Among the entries, which lines carry the string "avec"? Copy each of them.

Caption-style text data:
╭──
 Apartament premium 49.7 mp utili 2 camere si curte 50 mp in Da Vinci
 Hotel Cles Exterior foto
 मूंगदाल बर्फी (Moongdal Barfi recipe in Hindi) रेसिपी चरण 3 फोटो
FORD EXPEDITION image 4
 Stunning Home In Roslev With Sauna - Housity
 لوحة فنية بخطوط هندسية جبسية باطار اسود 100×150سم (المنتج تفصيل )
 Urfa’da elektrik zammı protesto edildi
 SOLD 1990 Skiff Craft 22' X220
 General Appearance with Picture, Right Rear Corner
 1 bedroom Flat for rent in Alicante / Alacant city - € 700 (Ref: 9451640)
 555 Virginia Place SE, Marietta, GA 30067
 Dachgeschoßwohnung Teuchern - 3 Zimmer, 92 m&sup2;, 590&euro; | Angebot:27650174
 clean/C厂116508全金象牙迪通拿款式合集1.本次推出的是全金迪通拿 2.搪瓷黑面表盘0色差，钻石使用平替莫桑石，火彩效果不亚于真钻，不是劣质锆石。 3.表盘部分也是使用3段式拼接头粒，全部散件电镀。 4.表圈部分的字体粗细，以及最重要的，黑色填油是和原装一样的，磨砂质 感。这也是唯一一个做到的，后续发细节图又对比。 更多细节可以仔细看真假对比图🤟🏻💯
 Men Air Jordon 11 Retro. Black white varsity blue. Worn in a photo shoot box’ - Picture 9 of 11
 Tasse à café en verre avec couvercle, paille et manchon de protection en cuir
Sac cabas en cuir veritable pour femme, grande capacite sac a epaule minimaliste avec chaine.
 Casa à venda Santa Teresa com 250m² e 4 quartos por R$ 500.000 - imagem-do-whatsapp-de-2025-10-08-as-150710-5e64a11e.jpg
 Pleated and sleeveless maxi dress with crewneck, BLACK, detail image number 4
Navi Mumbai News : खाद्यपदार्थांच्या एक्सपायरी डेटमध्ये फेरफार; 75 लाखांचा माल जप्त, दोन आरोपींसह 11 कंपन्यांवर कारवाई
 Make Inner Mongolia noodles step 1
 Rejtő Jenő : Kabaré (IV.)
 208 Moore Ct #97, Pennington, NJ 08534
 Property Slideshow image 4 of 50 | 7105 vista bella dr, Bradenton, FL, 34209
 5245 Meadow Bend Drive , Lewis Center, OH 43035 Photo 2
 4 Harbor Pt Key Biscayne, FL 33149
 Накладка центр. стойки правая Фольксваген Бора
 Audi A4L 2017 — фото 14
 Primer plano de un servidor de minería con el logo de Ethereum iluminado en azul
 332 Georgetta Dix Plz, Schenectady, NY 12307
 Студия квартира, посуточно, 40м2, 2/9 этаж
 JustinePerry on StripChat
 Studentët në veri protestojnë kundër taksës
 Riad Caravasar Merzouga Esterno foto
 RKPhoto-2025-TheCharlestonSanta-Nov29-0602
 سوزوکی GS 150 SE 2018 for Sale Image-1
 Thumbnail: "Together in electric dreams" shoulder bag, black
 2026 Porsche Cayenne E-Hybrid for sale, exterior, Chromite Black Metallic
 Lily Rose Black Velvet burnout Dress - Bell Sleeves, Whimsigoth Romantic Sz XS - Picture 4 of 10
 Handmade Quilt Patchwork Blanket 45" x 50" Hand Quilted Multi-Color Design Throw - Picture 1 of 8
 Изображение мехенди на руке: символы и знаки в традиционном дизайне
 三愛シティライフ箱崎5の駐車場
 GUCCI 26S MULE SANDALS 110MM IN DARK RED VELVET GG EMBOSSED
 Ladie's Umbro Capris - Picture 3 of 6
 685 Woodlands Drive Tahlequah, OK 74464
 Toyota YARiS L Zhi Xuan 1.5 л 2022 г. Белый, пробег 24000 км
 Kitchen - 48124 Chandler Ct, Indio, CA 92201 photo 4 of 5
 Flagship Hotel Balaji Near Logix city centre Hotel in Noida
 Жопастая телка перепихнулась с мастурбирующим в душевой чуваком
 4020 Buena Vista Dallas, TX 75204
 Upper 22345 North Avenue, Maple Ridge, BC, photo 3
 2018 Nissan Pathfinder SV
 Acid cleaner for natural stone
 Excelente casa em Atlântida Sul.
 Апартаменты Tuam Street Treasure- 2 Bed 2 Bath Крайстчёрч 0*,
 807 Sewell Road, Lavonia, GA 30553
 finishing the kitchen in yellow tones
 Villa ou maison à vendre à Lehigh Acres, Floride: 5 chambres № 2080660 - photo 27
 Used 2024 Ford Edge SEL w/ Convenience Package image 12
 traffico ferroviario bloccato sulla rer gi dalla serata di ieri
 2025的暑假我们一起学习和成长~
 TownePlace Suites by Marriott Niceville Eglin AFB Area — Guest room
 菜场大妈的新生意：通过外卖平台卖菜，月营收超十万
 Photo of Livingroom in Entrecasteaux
╰──
(Reply to the task):
 Tasse à café en verre avec couvercle, paille et manchon de protection en cuir
Sac cabas en cuir veritable pour femme, grande capacite sac a epaule minimaliste avec chaine.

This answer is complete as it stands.